Supplied entries: Begin

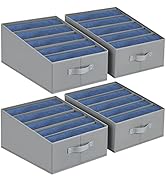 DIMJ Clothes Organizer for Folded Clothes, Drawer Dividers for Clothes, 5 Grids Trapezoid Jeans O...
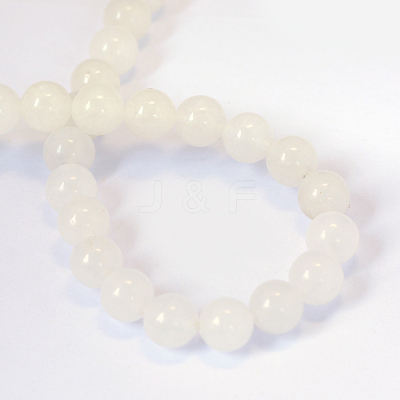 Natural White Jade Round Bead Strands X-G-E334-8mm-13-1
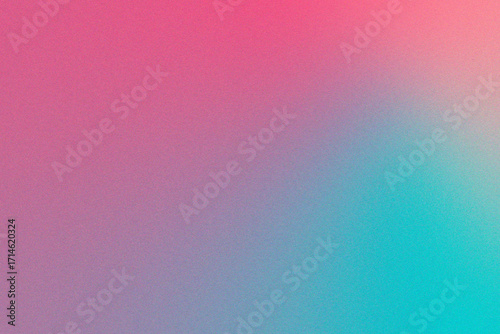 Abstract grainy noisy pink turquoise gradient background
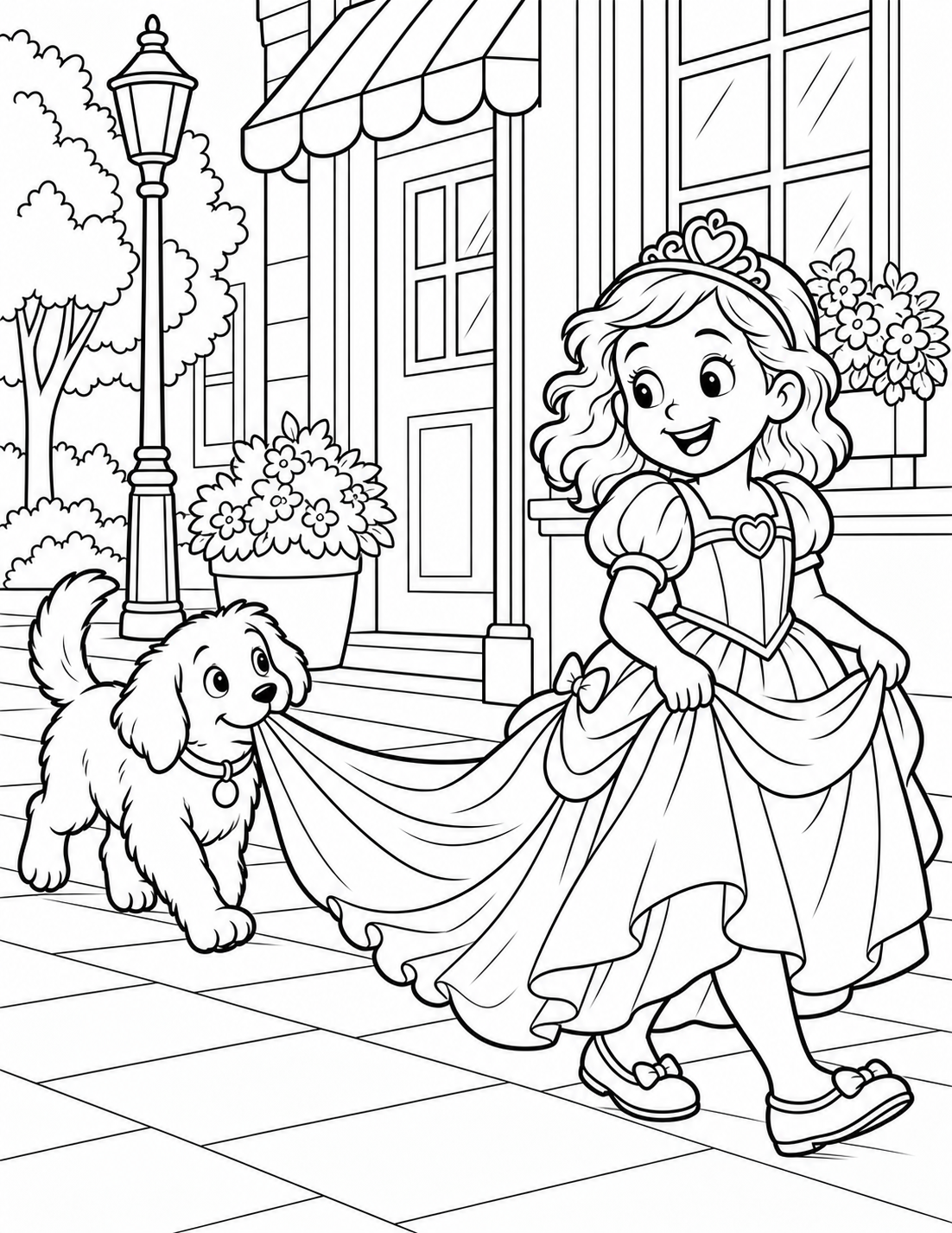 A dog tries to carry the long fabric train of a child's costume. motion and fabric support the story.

Supplied entries: End
Supplied entries: Begin

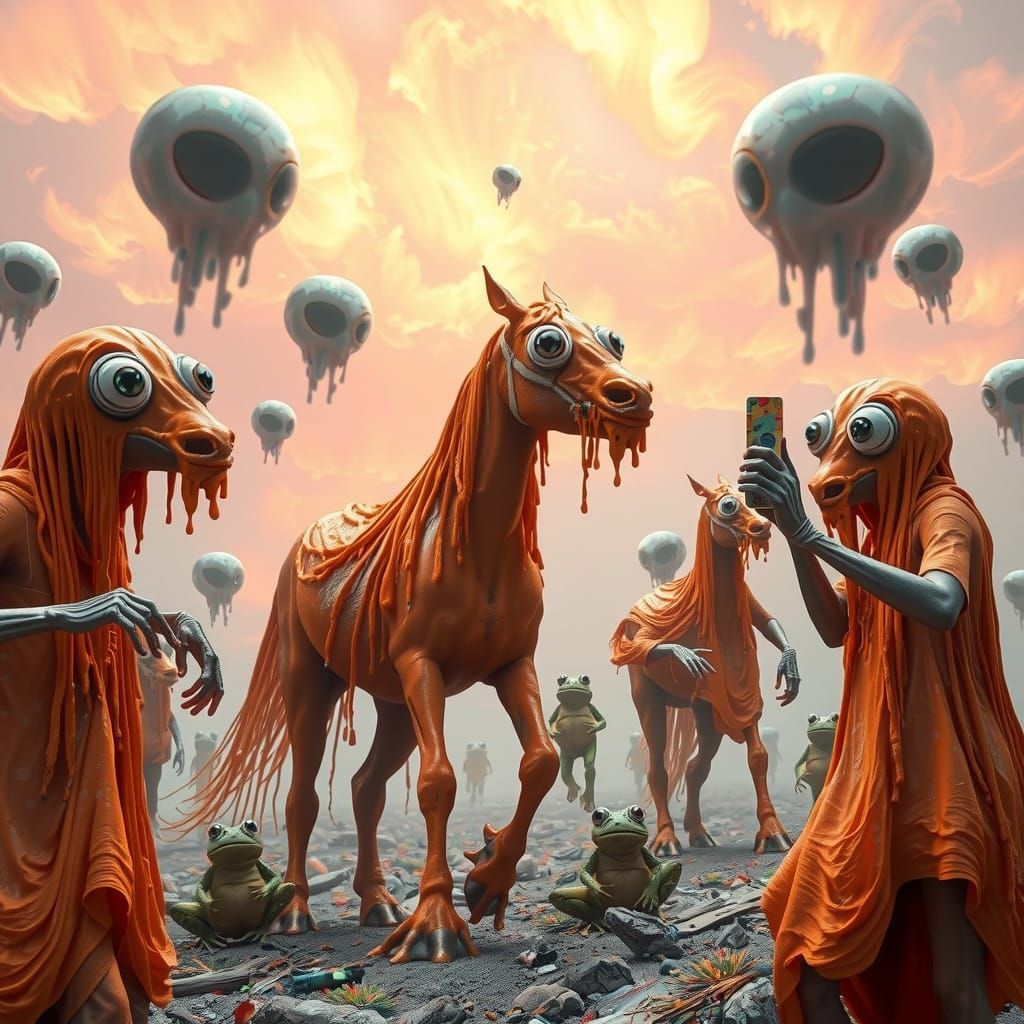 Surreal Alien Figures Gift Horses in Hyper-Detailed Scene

Supplied entries: End
Supplied entries: Begin

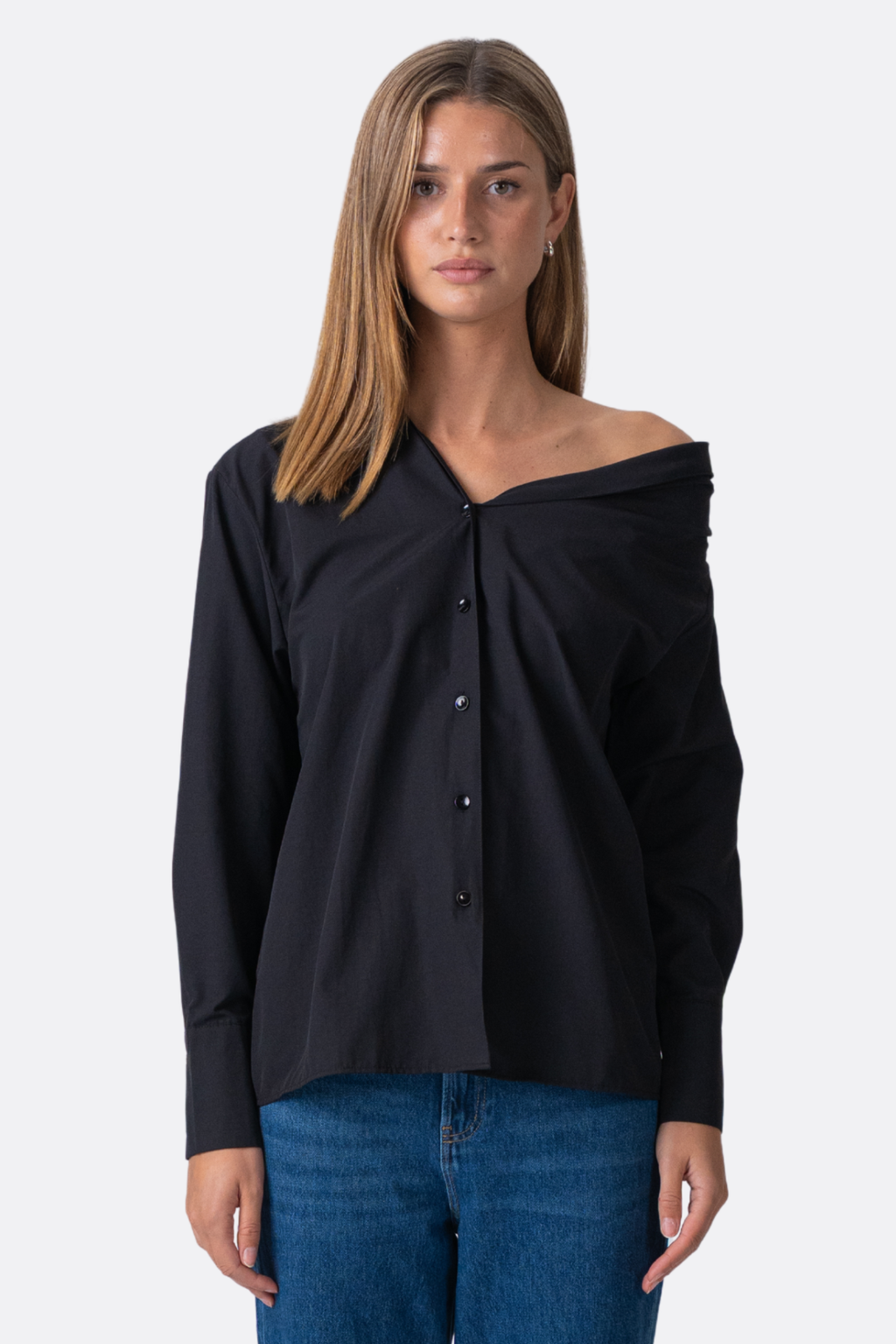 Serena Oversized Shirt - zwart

Supplied entries: End

### Work required
In the data above, find the line containing "DIMJ Clothes Organizer" and the line containing "A dog tries". Repeat those two lines and everything between them exactly, minus the pictures.

### Solution for this exercise
 DIMJ Clothes Organizer for Folded Clothes, Drawer Dividers for Clothes, 5 Grids Trapezoid Jeans O...
 Natural White Jade Round Bead Strands X-G-E334-8mm-13-1
 Abstract grainy noisy pink turquoise gradient background
 A dog tries to carry the long fabric train of a child's costume. motion and fabric support the story.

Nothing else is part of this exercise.